[[ The data open ]]
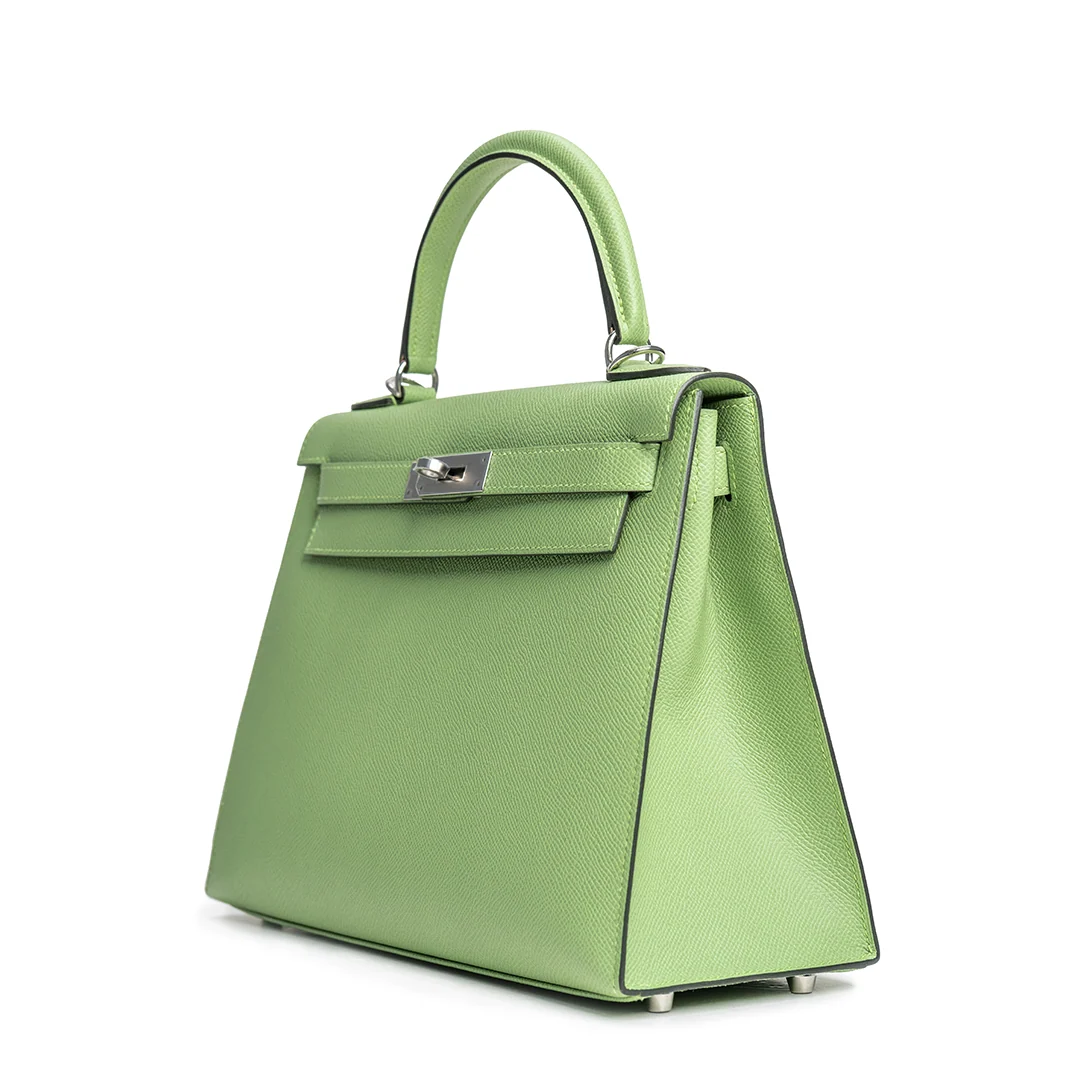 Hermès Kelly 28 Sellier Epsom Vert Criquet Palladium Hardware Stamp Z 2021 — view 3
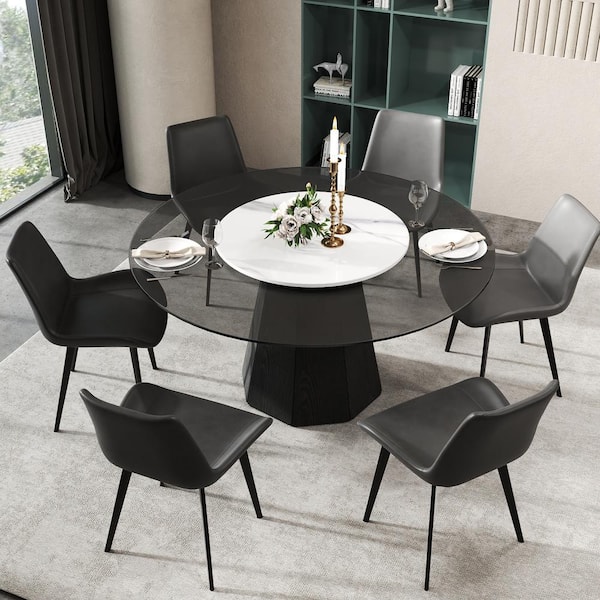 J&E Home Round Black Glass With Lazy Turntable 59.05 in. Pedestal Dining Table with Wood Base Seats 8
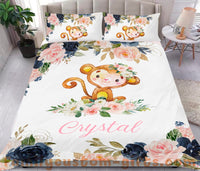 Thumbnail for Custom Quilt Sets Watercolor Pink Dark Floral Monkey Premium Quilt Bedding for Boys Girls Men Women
[[ The data closed ]]
Task prompt: Please set down the whole listing above exactly and skip every picture.

Exercise response:
 Hermès Kelly 28 Sellier Epsom Vert Criquet Palladium Hardware Stamp Z 2021 — view 3
 J&E Home Round Black Glass With Lazy Turntable 59.05 in. Pedestal Dining Table with Wood Base Seats 8
 Thumbnail for Custom Quilt Sets Watercolor Pink Dark Floral Monkey Premium Quilt Bedding for Boys Girls Men Women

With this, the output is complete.